The Amaya-William Hill merger is off. Negotiations that began last week with hopes of creating a $6 billion “merger of equals” and a “clear international leader across online sports betting, poker and casino,” had by Monday descended into a war of words between Amaya and Parvus Asset Management, William Hill’s largest shareholder.
The William Hill board announced Tuesday that it took the decision to call the deal off after consulting a number of its major shareholders; not that William Hill’s biggest shareholder needed much private consultation.
Parvus had made its feelings abundantly and publicly clear last week when it described the proposal as having “limited strategic logic” in an open letter to the board.
“We strongly encourage that the board stops wasting valuable time and shareholder resources pursing this value-destroying deal,” said Parvus. “Instead, the board and management must focus on maximizing value for William Hill owners, rather than Amaya shareholders, by considering all alternative options available, including a sale of William Hill.”
Parvus also said that the devaluation of the pound meant that William Hill would be buying “an overvalued asset using an undervalued currency.”
Amaya countered that Parvus’ assessment contained “inaccuracies that can be dispelled through reading Amaya’s public filings, which will attest to the high quality, consistent profitability and stable growth prospects of our business.”

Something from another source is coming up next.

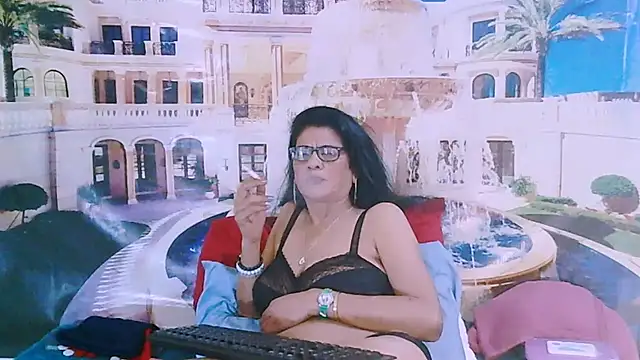 IndianAllure's Live XXX Chat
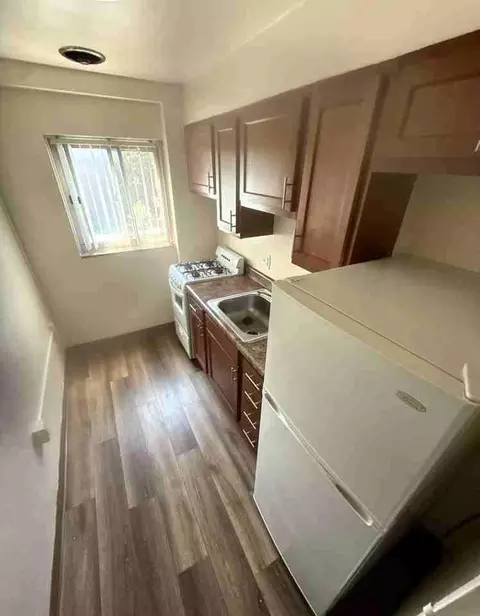 1 Bayard Rd, Pittsburgh, PA 15213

The Canadian company also took issue with Parvus’ suggestion that online poker was currently the weakest of all online gambling segments and that it was difficult to cross-sell between segments.
Poker Not Declining, Says Amaya
“It is simply not true to say that poker is a mature or declining market based upon certain public data which under-reports the size and growth of the poker market,” said Amaya.
“Amaya has seen success in cross-selling its online casino and sports betting products while increasing the lifetime values of cross-sold customers,” added the company.
It also complained that claims that its cash conversion of Ebitda is around 39 percent was “factually incorrect.”
Divyesh Gadhia, Chairman of Amaya, said: “Together with our financial advisors, we evaluated a wide range of strategic alternatives to maximize shareholder value and have concluded that remaining an independent company is in the best interest of Amaya’s shareholders at this time.”
The failure of the talks leaves William Hill in an uneasy position. The company has been searching for a transformational deal for some time, as the European gambling industry continues to go through a period of consolidation through a series of mergers and acquisitions.